Warm, dry November provides no drought relief
By Jason Stuart
Ranger-Review Staff Writer
With a warm, dry November in the rearview mirror, the Glendive area is pretty much assured of finishing 2017 with one of its driest years on record barring the receipt of unprecedented snowfall in December, something that doesn’t look at all likely.
With November in the books, Glendive has received just 9.11 inches of precipitation in 2017, over 5 inches off the mark of the 30-year annual average of 14.24 inches through the month of November. This year’s precipitation levels currently rank 2017 as the 13th driest year in Glendive’s recorded history, according to meteorologist Alan Hickford with the National Weather Service’s Glasgow reporting station.

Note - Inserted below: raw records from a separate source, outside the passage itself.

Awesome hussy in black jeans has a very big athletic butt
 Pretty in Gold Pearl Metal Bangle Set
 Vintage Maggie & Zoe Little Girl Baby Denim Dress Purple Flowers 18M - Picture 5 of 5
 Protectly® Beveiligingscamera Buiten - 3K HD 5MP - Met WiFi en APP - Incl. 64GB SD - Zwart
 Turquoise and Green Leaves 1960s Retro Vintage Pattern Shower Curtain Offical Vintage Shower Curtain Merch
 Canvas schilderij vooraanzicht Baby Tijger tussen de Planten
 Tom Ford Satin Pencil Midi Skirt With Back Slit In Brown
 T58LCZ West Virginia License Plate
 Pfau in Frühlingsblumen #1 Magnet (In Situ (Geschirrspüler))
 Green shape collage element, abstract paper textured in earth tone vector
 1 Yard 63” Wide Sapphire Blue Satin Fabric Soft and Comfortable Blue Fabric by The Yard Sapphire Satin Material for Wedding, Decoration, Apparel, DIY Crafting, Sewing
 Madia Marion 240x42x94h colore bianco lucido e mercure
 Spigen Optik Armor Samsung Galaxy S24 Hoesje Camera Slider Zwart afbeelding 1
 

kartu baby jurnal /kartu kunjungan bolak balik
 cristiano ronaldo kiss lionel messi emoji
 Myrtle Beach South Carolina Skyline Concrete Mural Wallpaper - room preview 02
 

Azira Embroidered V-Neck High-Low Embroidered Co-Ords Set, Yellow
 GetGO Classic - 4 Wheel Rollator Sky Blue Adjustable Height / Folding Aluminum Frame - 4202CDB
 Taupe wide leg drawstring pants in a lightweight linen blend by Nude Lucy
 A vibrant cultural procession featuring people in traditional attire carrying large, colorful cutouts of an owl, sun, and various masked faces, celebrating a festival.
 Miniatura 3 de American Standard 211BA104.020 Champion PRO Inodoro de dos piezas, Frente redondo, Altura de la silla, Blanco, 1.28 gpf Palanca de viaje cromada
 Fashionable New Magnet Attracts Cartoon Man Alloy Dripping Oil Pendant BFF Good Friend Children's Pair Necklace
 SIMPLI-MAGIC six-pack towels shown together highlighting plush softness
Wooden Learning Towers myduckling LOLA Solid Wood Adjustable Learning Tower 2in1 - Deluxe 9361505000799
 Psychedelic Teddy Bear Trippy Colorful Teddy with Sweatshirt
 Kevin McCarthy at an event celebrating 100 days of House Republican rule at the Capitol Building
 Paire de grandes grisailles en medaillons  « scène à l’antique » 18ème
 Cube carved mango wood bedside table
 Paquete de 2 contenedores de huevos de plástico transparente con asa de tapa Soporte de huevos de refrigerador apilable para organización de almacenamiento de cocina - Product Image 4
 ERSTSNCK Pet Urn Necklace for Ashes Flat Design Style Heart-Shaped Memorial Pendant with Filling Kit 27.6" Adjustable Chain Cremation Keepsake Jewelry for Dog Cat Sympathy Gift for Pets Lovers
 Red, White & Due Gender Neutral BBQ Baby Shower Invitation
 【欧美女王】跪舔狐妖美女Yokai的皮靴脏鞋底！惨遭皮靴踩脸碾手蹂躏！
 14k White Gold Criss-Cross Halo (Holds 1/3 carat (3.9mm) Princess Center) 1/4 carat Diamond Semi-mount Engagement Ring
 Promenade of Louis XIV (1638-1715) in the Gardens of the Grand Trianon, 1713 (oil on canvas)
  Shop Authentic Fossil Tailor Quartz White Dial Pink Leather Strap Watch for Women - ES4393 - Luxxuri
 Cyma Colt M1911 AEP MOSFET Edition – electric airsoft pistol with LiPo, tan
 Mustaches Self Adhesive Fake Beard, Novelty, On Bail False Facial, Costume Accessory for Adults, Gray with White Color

Hickford noted at this point, there’s nothing barring a December full of blizzards that’s going to make up the precipitation deficit.
“Even if it’s above average (snowfall for December), you’re not going to get to normal,” Hickford said.
November, normally one of the driest months of the year already, did nothing to help alleviate the dry conditions. A scant 0.25 inches of water equivalent precipitation was recorded in Glendive for the month, two tenths lower than the 30-year average of 0.45 inches. What precipitation there was resulted from the 2.6 inches of snowfall Glendive recorded in November — which Hickford noted beat the November average of 2.2 inches — but nearly all that snow fell on the month’s first weekend, with 1.2 inches of it falling on Nov. 4.
Besides being dry, November ended up being quite warm. Given that the month started off cold and snowy, the average mean temperature really wasn’t that far off the norm — the average mean for November 2017 was 33.3 degrees, just over the historic average of 33 degrees — but the last week or so of the month was particularly sweltering.
Over the course of the Thanksgiving holiday, from Nov. 22-24, Glendive set or tied new record highs for each of those three days. Thanksgiving Day saw a recorded temperature of 65 degrees in Glendive, tying the old record for turkey day set back in 1954. Black Friday was the hottest day of the month, with the temperature peaking at 66 degrees.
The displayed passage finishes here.